Jan Stary <h...@stare.cz> wrote:

> > 1) If you edit that file yourself,
> 
> Is there any other way this file is supposed to come to existence
> (except the one containing the default answers, which sysupgrade
> writes itself) beside editing it by hand?

sysupgrade creates it, exactly as it wants it to be.

If you edit it, you are no longer using sysupgrade.  You are on your
own.

> > how can you say you are using sysupgrade?
> 
> Perhaps I was unclear: I took the response log of a sysupgrade run
> (as mailed afterwards) and created /auto_upgrade.conf from it.
> I am not touching sysupgrade itself, obviously.

Ah, you edited the file.  

Then you are not using sysupgrade.  You are using your own process, and
you need to understand all the consequences.  misc@ owes you nothing.

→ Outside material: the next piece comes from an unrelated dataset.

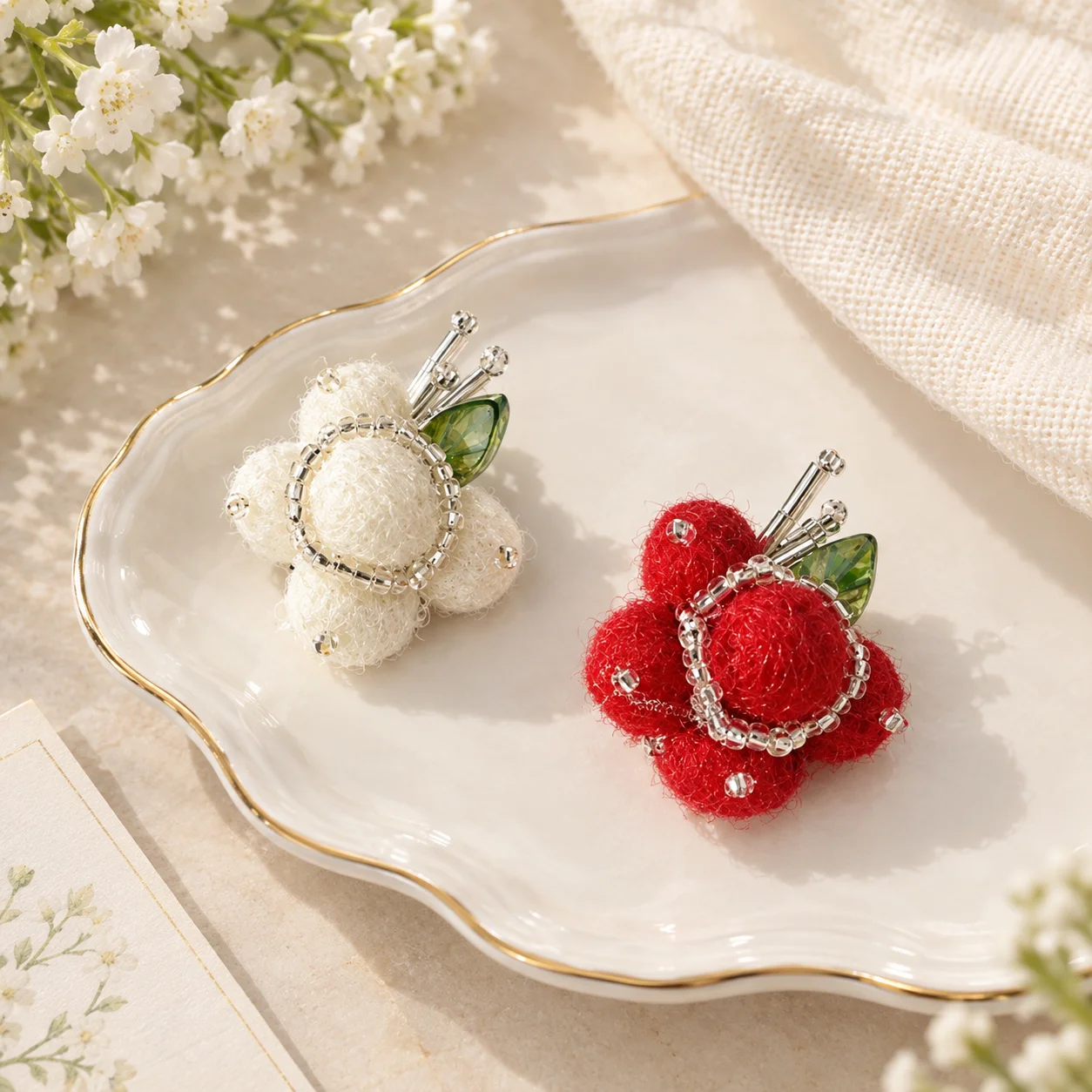 Little Red Flower Mountain Tea Flower Brooch for Women - Simple and Elegant French-style Sweater Brooch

> > sysupgrade manages the whole process.  When you subvert a program, you are
> > responsible.
> 
> Is creating /auto_upgrade.conf considered subversion?

No.  You can create your own /auto_upgrade.conf

But if you create it, it is not sysupgrade that created it

If you create a file which doesn't work, have you considered blaming the
creator of the file?

> > Especially when it is not documented what will happen.
> 
> sysupgrade(8) says
> 
>      /auto_upgrade.conf  Response file for the ramdisk kernel.
> 
> I agree that only documents the file is recognized to exist.

But you are not using sysupgrade.  Why do you refer to the sysupgrade
manual page?  You have placed *your own ideas* of what should be in
that file.

sysupgrade does not use ambigious question=answer lines.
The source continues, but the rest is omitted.